# Filter records

Only keep records useful to this project:
- Records must have a picture, an entry in the multimedia table with a valid link.
    - However we only want records with only one image because we want to know which image the notations are referring to.
- Only angiosperm records.
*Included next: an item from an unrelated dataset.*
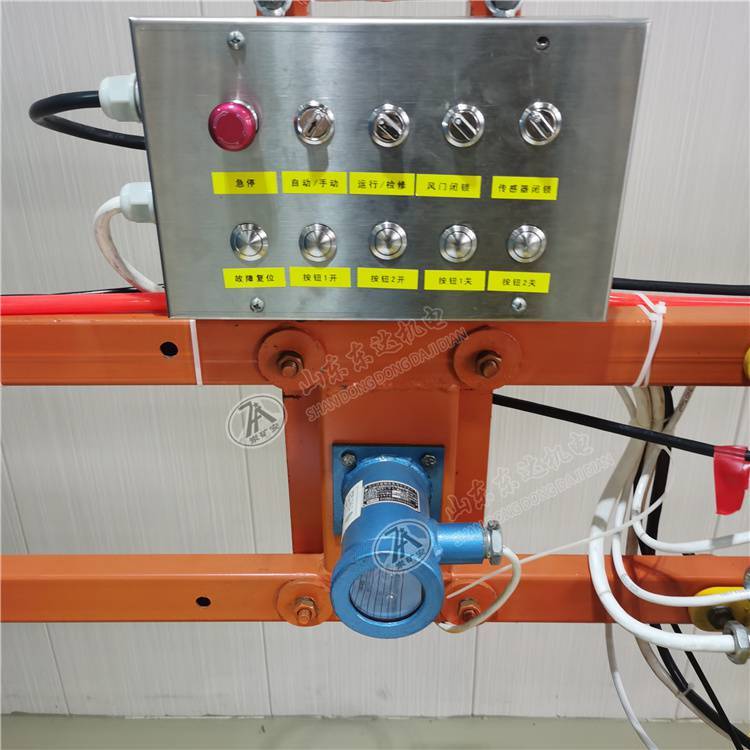 对于操车成套设备各设备的特点你了解多少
Filter by:
    - Phylum/Division
    - Class
    - Family
- Records should have reproductive data in one of these fields:
    - reproductivecondition is not empty
    - occurrenceremarks contains a reproductive key
    - dynamicproperties contains a reproductive key
    - fieldnotes contains a reproductive key
- Reproductive keys are:
    - flower, fruit petal fls corolla leaves tepal seed sterile ray infl 
    - bract inflor inflorescence stigma sepal flores

In [1]:
import sys

sys.path.append('..')

In [2]:
import sqlite3
from pathlib import Path

import pandas as pd

In [3]:
DATA_DIR = Path('..') / 'data'

DB_IN = DATA_DIR / 'idigbio_2021-02.sqlite'
DB_OUT = DATA_DIR / 'angiosperms.sqlite'

The old data base is "idigbio_2021-02.sqlite" and new database is "angiosperms.sqlite".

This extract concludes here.